### DIRECTIONS
Find the line containing "BMW 520, 2.0 l., universalas", then output it and every line after it through the end of the listing below, exactly as written.

### EXERCISE INPUTS
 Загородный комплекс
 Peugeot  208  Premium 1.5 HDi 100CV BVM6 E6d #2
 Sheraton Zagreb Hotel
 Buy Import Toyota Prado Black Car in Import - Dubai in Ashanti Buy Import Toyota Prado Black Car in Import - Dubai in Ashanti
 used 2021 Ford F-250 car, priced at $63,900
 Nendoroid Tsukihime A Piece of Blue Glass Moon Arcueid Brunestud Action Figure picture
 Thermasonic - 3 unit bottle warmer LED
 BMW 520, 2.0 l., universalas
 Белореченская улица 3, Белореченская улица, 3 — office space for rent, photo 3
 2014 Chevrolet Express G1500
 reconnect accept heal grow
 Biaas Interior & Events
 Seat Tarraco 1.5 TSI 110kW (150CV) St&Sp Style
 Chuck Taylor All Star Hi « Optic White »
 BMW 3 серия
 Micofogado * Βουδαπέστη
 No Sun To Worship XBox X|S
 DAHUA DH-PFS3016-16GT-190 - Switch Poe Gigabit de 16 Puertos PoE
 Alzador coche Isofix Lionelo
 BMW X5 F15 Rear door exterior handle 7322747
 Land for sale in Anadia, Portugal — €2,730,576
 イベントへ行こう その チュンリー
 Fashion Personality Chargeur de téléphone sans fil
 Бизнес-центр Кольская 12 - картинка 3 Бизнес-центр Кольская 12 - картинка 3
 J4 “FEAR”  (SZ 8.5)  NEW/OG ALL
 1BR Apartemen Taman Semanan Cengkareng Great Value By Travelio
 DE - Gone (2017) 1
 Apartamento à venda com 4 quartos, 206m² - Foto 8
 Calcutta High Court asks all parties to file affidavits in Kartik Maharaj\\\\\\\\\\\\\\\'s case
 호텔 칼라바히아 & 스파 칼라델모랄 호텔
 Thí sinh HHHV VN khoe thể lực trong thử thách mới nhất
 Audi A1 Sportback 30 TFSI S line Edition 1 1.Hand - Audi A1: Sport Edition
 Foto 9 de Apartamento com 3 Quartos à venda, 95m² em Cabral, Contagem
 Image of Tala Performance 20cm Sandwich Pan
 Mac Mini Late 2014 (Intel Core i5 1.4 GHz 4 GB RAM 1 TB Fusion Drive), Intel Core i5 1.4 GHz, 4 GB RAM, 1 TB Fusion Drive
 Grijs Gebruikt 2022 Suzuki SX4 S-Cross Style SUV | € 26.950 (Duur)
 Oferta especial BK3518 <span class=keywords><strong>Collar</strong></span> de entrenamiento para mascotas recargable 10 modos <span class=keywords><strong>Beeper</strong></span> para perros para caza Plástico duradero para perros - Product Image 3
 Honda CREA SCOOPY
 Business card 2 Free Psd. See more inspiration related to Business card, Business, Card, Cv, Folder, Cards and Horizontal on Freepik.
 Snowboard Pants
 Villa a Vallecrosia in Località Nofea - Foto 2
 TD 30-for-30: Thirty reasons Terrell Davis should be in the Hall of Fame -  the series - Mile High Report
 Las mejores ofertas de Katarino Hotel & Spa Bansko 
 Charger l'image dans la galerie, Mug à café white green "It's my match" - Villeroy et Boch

### RESPONSE TO THIS TASK
 BMW 520, 2.0 l., universalas
 Белореченская улица 3, Белореченская улица, 3 — office space for rent, photo 3
 2014 Chevrolet Express G1500
 reconnect accept heal grow
 Biaas Interior & Events
 Seat Tarraco 1.5 TSI 110kW (150CV) St&Sp Style
 Chuck Taylor All Star Hi « Optic White »
 BMW 3 серия
 Micofogado * Βουδαπέστη
 No Sun To Worship XBox X|S
 DAHUA DH-PFS3016-16GT-190 - Switch Poe Gigabit de 16 Puertos PoE
 Alzador coche Isofix Lionelo
 BMW X5 F15 Rear door exterior handle 7322747
 Land for sale in Anadia, Portugal — €2,730,576
 イベントへ行こう その チュンリー
 Fashion Personality Chargeur de téléphone sans fil
 Бизнес-центр Кольская 12 - картинка 3 Бизнес-центр Кольская 12 - картинка 3
 J4 “FEAR”  (SZ 8.5)  NEW/OG ALL
 1BR Apartemen Taman Semanan Cengkareng Great Value By Travelio
 DE - Gone (2017) 1
 Apartamento à venda com 4 quartos, 206m² - Foto 8
 Calcutta High Court asks all parties to file affidavits in Kartik Maharaj\\\\\\\\\\\\\\\'s case
 호텔 칼라바히아 & 스파 칼라델모랄 호텔
 Thí sinh HHHV VN khoe thể lực trong thử thách mới nhất
 Audi A1 Sportback 30 TFSI S line Edition 1 1.Hand - Audi A1: Sport Edition
 Foto 9 de Apartamento com 3 Quartos à venda, 95m² em Cabral, Contagem
 Image of Tala Performance 20cm Sandwich Pan
 Mac Mini Late 2014 (Intel Core i5 1.4 GHz 4 GB RAM 1 TB Fusion Drive), Intel Core i5 1.4 GHz, 4 GB RAM, 1 TB Fusion Drive
 Grijs Gebruikt 2022 Suzuki SX4 S-Cross Style SUV | € 26.950 (Duur)
 Oferta especial BK3518 <span class=keywords><strong>Collar</strong></span> de entrenamiento para mascotas recargable 10 modos <span class=keywords><strong>Beeper</strong></span> para perros para caza Plástico duradero para perros - Product Image 3
 Honda CREA SCOOPY
 Business card 2 Free Psd. See more inspiration related to Business card, Business, Card, Cv, Folder, Cards and Horizontal on Freepik.
 Snowboard Pants
 Villa a Vallecrosia in Località Nofea - Foto 2
 TD 30-for-30: Thirty reasons Terrell Davis should be in the Hall of Fame -  the series - Mile High Report
 Las mejores ofertas de Katarino Hotel & Spa Bansko 
 Charger l'image dans la galerie, Mug à café white green "It's my match" - Villeroy et Boch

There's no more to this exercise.